Perhaps most importantly, the intended platonic parents must also reflect on problem-solving, by agreeing on how unforeseen issues and disputes are ideally going to be resolved between them. As with traditional parenting involving couples who are also romantic partners, communication is essential.
Is Platonic Parenting a Canadian Trend?
Although its role as one of several non-conventional parenting options is likely to increase in the future, platonic parenting is relatively new in Canada. However, this kind of arrangement got an explicit stamp-of-approval in one recent Ontario court decision called S.M. (Re), where the court was asked to consider a joint adoption application from two women who were good friends and lived together, but who were not spouses of each other.

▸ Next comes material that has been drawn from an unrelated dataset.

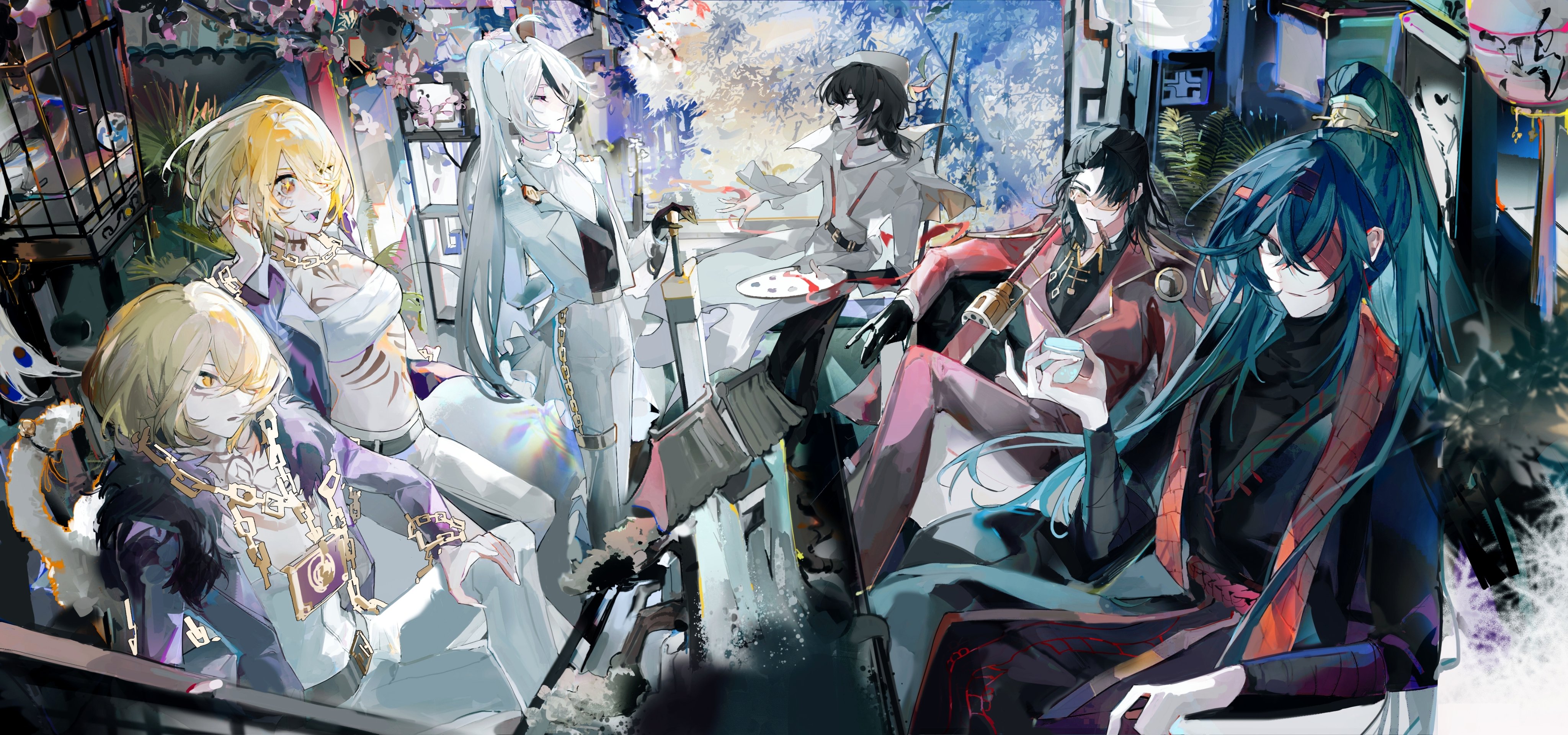 evelynyi21085, don quixote (project moon), faust (project moon), hong lu (project moon), meursault (project moon), sinclair (project moon), yi sang (project moon), limbus company, project moon, absurdres, highres, 2girls, 4boys, arm behind back, bandaged head, bandages, black gloves, black hair, black hanfu, black shirt, black vest, blonde hair, blue hair, branch, breasts, chain, chain necklace, chinese clothes, cigar, city, cleavage, closed eyes, cowboy shot, crossed legs, cup, curtained hair, day, family hierarch candidate (identity) (project moon), fern, fur trim, gloves, gold trim, hair ornament, hair slicked back, hand up, hanfu, hat, high ponytail, holding, holding cup, holding paint palette, index (identity) (project moon), jacket, jewelry, lens flare, looking at viewer, middle (identity) (project moon), multiple boys, multiple expressions, multiple girls, necklace, official alternate costume, one eye covered, outdoors, paint palette, plant, ponytail, potted plant, purple jacket, railing, red jacket, red scarf, ring (identity) (project moon), rope belt, scarf, shirt, short hair, single hair streak, sitting, smile, sparkling eyes, sports bra, stole, table, talking, teacup, thumb (identity) (project moon), tinted eyewear, tree, vest, white hair, white jacket, white shirt, window, yellow-tinted eyewear, yellow eyes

Jointly, the women wanted to formally adopt their 3-year-old foster child, who had been declared a Crown ward a few days after birth, and had been living with them ever since. The problem was that the governing adoption legislation for Crown wards states that only two individuals “who are spouses of one another” can apply. While the partners did not have to be married, the definition made it clear that the two people were required to be living in a “conjugal relationship”.
Since they were just friends and not spouses, this wording disqualified the women from adopting the child. Claiming this purported to differentiate based on their (non) marital status, the women claimed the spousal requirement was discriminatory under the Charter of Rights and Freedoms. They asked the court to strike the requirement down as being unconstitutional.
The court agreed to do so, noting that the purpose of and policy behind the adoption legislation was to promote – not discourage – the adoption of children who were Crown wards. In the court’s view, the spousal status requirement was not only unnecessary and discriminatory, but actually served to limit the pool of potential adoptive parents, which was the exact opposite of what the legislation was intended to do.
The court decided to “read down” the offending legislative provision, by declaring that the words “who are spouses of one another” are of no legal force and effect.
The Bottom Line
Platonic parenting might be new on the scene in Ontario, but it’s likely here to stay. If you and a potential partner in a non-romantic parenting arrangement need advice on some of the things to consider, a family lawyer will be happy to provide guidance.